Below are entries. Copy exactly the lines running from the line that holds "Exclusive Quadruple Room photo 2" to the line that holds "3575 Clark Circle", with both ends included.

RECORDS SUPPLIED:
-----
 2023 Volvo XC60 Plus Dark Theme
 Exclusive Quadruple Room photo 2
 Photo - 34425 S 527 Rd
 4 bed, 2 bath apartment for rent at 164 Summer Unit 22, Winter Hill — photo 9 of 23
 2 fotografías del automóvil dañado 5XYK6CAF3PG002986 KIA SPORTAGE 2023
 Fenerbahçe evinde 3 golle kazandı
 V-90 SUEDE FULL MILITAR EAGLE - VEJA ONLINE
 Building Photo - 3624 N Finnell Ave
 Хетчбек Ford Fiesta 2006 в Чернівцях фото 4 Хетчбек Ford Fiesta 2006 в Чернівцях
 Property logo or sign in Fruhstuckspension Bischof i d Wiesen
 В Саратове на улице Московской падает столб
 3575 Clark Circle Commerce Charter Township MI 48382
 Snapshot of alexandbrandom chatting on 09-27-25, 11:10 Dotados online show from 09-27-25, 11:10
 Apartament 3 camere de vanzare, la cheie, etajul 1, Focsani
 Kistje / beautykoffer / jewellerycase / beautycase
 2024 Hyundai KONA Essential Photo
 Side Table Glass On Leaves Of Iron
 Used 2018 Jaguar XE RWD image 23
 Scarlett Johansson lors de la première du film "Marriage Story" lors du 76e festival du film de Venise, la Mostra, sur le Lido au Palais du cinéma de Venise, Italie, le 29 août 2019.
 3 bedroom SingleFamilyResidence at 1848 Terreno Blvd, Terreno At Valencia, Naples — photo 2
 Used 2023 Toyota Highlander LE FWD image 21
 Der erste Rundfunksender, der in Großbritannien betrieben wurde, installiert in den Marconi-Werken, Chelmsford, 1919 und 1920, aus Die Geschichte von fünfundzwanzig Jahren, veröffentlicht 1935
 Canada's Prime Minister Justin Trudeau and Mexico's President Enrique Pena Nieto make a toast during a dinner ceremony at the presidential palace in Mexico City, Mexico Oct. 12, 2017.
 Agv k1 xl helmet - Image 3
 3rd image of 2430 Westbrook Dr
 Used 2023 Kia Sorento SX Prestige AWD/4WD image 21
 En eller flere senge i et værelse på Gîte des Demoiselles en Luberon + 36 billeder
-----
WRITTEN ANSWER:
 Exclusive Quadruple Room photo 2
 Photo - 34425 S 527 Rd
 4 bed, 2 bath apartment for rent at 164 Summer Unit 22, Winter Hill — photo 9 of 23
 2 fotografías del automóvil dañado 5XYK6CAF3PG002986 KIA SPORTAGE 2023
 Fenerbahçe evinde 3 golle kazandı
 V-90 SUEDE FULL MILITAR EAGLE - VEJA ONLINE
 Building Photo - 3624 N Finnell Ave
 Хетчбек Ford Fiesta 2006 в Чернівцях фото 4 Хетчбек Ford Fiesta 2006 в Чернівцях
 Property logo or sign in Fruhstuckspension Bischof i d Wiesen
 В Саратове на улице Московской падает столб
 3575 Clark Circle Commerce Charter Township MI 48382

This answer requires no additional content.